Ensuring the veracity of the URC
+++++++++++++++++++++++++++++++++

Resources are not the only information that can be tampered with. The
URC service will provide a tempting target for attack. It needs to be
secured against determined attacks and the information it provides
needs to be verifiable. However, security does not come for free, and
we should not impose that cost on all accesses. Therefore it is not
appropriate to make the URC server compute a digital signature for
every query response it generates. Instead, the server keeps two pre
computed signatures for each of its URCs. The first is a signature over
the entire URC, the second computed over the location information it
would return in response to a URN resolution query.

o User configures the browser to verify URC information.

o The user clicks on a link

o The browser sends a URN resolution request to the URC
service. The request has a flag set so that the URC server will
provide digital signature information.

o The browser receives the list of locations as in the first scenario.
In addition it receives a digital signature of that information
which has been encrypted with the private key of the URC
server.

o The browser retrieves the public key of the server, and uses it to
verify the URC information.

o If there is no problem, the browser continues as before to
retrieve the resource. If there is a problem the browser alerts the
user, who should alert the administrator of the URC server.

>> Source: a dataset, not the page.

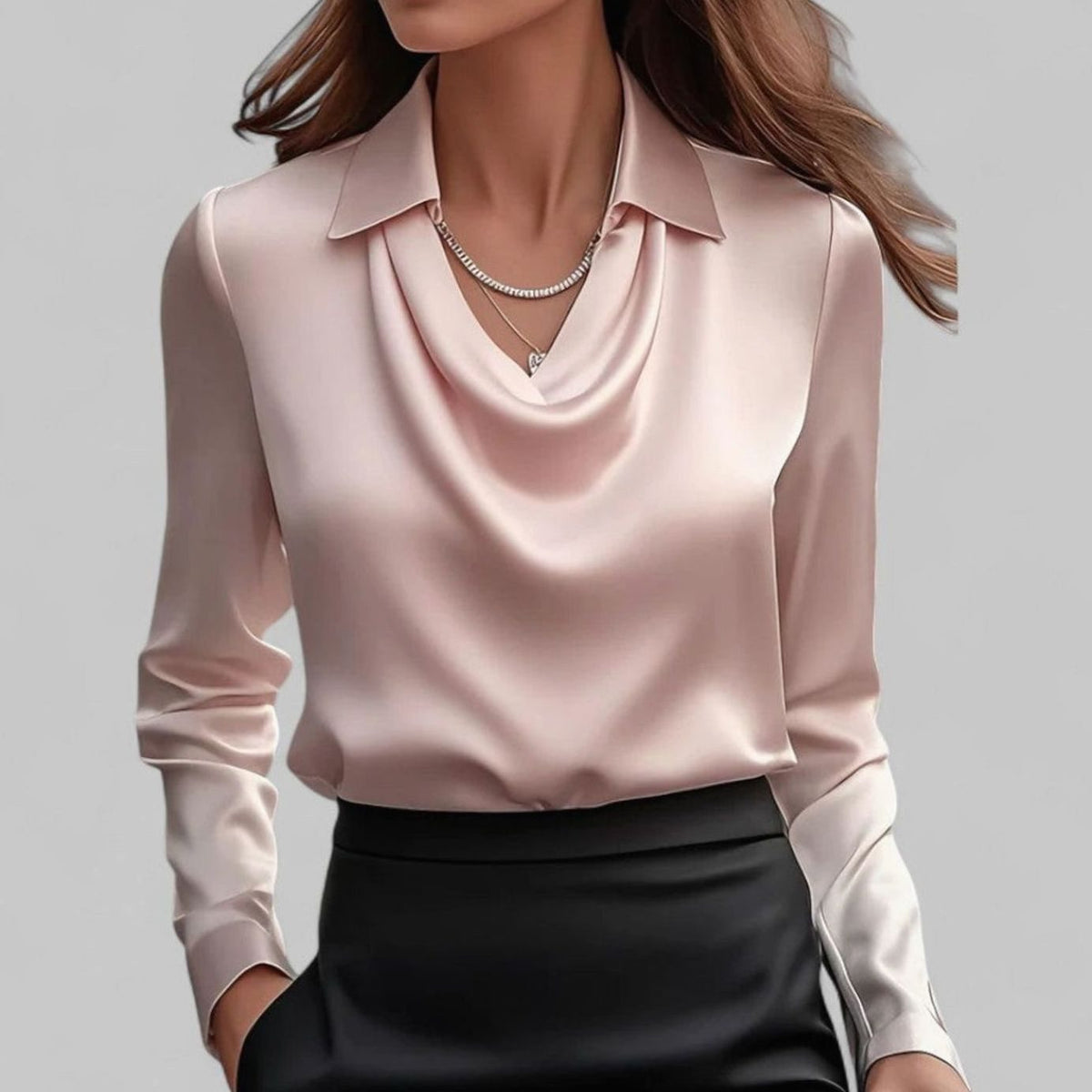 Women's Long Sleeve Draped-Neck Collared Blouse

If a general query is issued, the URCs for all matching resources are
returned in their entirety. The browser then has to verify each of the
URCs in turn. Validating general queries will be an expensive process,
but it is the user's machine paying most of the cost.

Bibliographic Search
+++++++++++++++++++++

The URC provides a convenient place to store bibliographic
information such as author, title, subject, date of publication, etc. The
publication hierarchy makes it possible to find all the registered
publishers. Combining these two properties opens up the possibility of
bibliographic searches across the whole of the web. Exactly how this
should work is not so obvious. At first blush, a scenario like the
following comes to mind:

o User enters author, title, and/or subject information into a form

o Browser passes the query to the URC service.

o Within the URC service, each node is consulted with the query,
the results are collected and passed back to the browser.

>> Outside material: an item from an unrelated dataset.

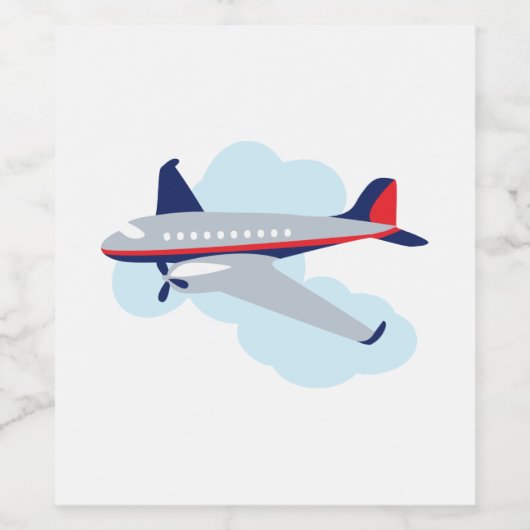 Vliegvliegtuig Wijn Etiket (Enkel label)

o The browser presents the search results to the user.

Of course, the scenario above is unrealistic. If every bibliographic
search of every user consults every URC server, the service as a whole
will soon grind to a halt. The obvious alternative is for some sites to
come forward and carry the burden of these searches, similar to the
current situation with Archie. Most URC servers around the world
would then disallow query forwarding in general bibliographic
searches. This would prevent all the servers from seeing all the traffic.
The usage scenario is now:

o User connects to a URC search site

o Browser puts up the form from that site

o User fills it in and hits "submit".

o The URC search site handles the query over its database and
returns the result to the browser.

o The browser displays the results to the user.

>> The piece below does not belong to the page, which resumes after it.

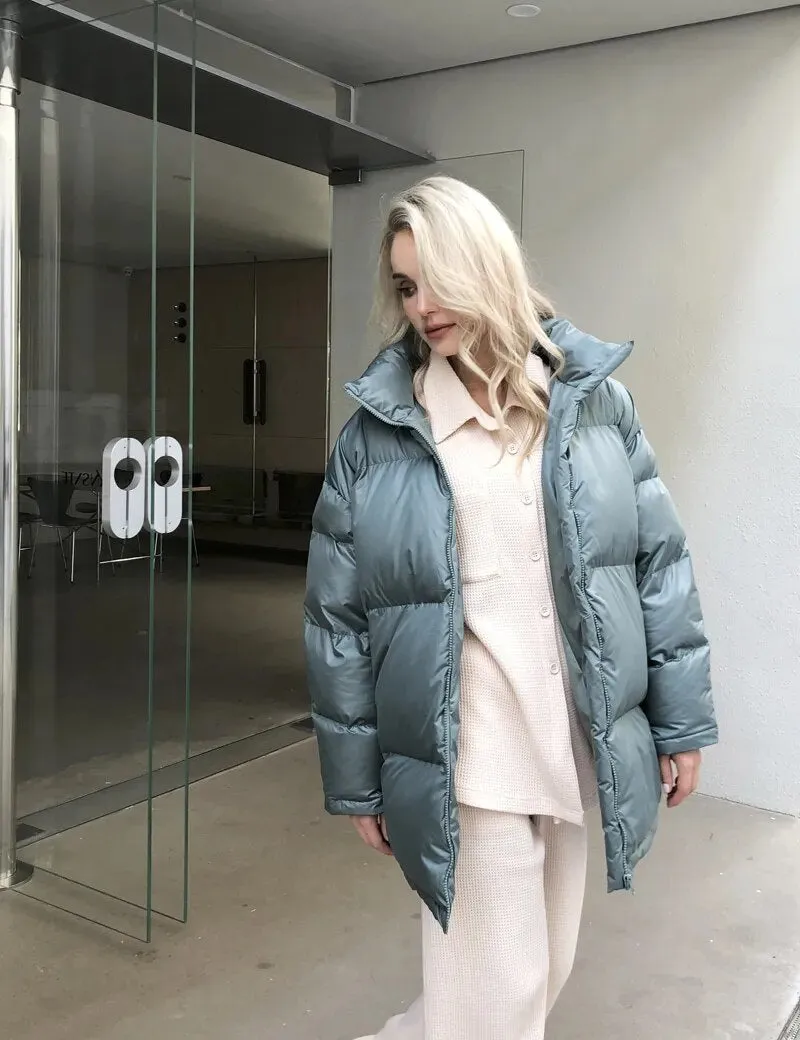 Ladies thick warm water proof puffer jacket fashion winter jacket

This scenario also has an obvious problem with scale. The web will
certainly grow beyond the capacity of any one site to index. A third
alternative is partway between the two previous suggestions. It relies on
there being multiple URC servers willing to provide the default
information for any publisher. Some sites will provide this information
for many publishers. These major sites could handle the bulk of the
bibliographic searches by forwarding queries amongst themselves. This
is not terribly attractive unless money enters the equation. If publishers
pay major sites to mirror their information and users pay a small
amount for each query they handle then two things happen. It becomes
worthwhile to be a mirror and handle the queries, and the number of
queries will be reduced.

Of course, this money thing is kind of foreign to the Internet - or at
least to its participants in government and educational research labs.
(Damn sure is a stranger to me :-). Also, forwarding the queries amongst a
few big servers is not technically cool. It may be the best we can do, but
I hope not. Something cool needs to be developed here. Suggestions?

Updating the index
-------------------

Unlike the current WWW, the hierarchical nature of the publishers
proposed for URNs means we can determine every registered publisher
so long as publishers are required to remember any sub-publishers they
register.

o Search server starts a depth-first search of the tree of
publishers.

o Search server queries the current server for all URCs that are
new or have been modified since the last time the search server
visited.

o Search server asks for all changes in publication hierarchy since
last visit.

o Search server continues depth-first search using the new
topology

Of course, the URC service will soon grow beyond the capabilities of
any one site to keep a comprehensive index. The natural course is for
collections of servers to cooperate and divide the load by parts of the
publication hierarchy.

There are a couple of requirements for the service which spring from
considering the search service. First, servers will want to be able to
refuse to answer general search queries from unknown users, while still
answering the simple URN->URL query. Second, there will need to be
a means for determining how to contact the server administrator so that
the administrator will add the central search services to the list of
entities that can launch certain queries. Third, a publisher's server must
keep a complete record of all the sub-publishers authorized by that
publisher.

Filtering by Seals of Approval
+++++++++++++++++++++++++++++++

One of the interesting concepts to come out of the Interpedia effort is
the concept of SOAPs (Seals Of APproval). SOAPs are capsule reviews
of a resource and are implemented using digital signature technology so
that they will be extremely difficult to forge. Critics, professional
organizations, etc. could use SOAPs to carry quick reviews of resources
and to point to more elaborate reviews. For example, the IEEE might
receive a request to "publish" a resource in one of their electronic
journals. The editorial board of the journal lines up the requisite
number of reviewers and sends them the URL of the resource. Each of
the reviewers sends their review back to the editors, who either turn the
author down flat, recommend changes, or accept the resource as it is. If
the accept it, they form a digital signature of the resource, the quick
rating, the URN of the optional full rating, etc. all encrypted with the
private key of the particular journal.

Users could use SOAPs to augment bibliographic searches. For
example, a new physics grad student might ask to see all the abstracts of
all the resources dealing with string theory and quantum
chromodynamics which had been reviewed by the American Physics
Society and received a rating of 9 or above.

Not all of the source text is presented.